======== Exercise materials ========

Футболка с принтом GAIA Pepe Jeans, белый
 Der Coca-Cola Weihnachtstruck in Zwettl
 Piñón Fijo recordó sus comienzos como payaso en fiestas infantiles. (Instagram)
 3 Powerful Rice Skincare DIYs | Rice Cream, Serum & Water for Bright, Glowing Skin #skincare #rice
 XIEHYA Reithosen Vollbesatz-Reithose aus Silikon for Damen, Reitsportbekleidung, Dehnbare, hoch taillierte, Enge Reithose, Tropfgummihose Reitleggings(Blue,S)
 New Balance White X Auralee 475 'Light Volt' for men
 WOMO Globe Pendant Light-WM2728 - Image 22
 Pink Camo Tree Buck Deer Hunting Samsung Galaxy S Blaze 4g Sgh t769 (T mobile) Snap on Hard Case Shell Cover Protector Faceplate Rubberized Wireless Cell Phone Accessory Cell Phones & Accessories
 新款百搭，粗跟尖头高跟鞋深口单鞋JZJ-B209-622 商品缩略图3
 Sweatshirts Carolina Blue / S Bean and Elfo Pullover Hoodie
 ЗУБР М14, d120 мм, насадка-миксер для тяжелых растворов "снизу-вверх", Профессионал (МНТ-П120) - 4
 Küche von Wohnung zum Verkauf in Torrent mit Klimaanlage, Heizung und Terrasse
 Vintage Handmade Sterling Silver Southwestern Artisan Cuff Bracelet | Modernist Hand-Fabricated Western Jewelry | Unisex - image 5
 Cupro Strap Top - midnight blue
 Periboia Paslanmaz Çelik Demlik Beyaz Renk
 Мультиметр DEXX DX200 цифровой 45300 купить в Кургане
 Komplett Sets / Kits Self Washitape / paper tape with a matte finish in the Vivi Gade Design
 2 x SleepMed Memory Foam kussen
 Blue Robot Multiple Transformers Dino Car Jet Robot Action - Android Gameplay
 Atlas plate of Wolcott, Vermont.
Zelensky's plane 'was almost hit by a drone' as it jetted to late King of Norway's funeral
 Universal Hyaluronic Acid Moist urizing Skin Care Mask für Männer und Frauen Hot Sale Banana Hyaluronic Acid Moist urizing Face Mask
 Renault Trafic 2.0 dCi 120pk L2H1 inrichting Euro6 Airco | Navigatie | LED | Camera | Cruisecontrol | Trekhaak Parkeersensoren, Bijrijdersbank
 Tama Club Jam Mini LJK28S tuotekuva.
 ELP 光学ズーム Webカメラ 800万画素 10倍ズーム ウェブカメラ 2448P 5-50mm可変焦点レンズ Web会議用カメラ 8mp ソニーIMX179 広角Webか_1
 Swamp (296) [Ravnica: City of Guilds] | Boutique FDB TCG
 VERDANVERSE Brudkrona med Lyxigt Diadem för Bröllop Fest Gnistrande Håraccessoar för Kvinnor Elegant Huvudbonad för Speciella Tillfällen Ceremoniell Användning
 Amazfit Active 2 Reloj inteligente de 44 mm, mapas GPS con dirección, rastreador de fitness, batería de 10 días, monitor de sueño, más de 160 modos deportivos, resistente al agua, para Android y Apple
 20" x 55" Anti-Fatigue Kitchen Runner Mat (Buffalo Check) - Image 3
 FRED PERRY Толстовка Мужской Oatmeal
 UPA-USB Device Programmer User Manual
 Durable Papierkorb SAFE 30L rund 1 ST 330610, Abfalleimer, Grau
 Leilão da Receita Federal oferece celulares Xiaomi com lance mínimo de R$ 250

========

**Instructions for the task:** Extract exactly and only the lines above from the line containing "Cupro Strap Top - midnight blue" through the line containing "Universal Hyaluronic Acid", both end lines included.

**Response box:**
 Cupro Strap Top - midnight blue
 Periboia Paslanmaz Çelik Demlik Beyaz Renk
 Мультиметр DEXX DX200 цифровой 45300 купить в Кургане
 Komplett Sets / Kits Self Washitape / paper tape with a matte finish in the Vivi Gade Design
 2 x SleepMed Memory Foam kussen
 Blue Robot Multiple Transformers Dino Car Jet Robot Action - Android Gameplay
 Atlas plate of Wolcott, Vermont.
Zelensky's plane 'was almost hit by a drone' as it jetted to late King of Norway's funeral
 Universal Hyaluronic Acid Moist urizing Skin Care Mask für Männer und Frauen Hot Sale Banana Hyaluronic Acid Moist urizing Face Mask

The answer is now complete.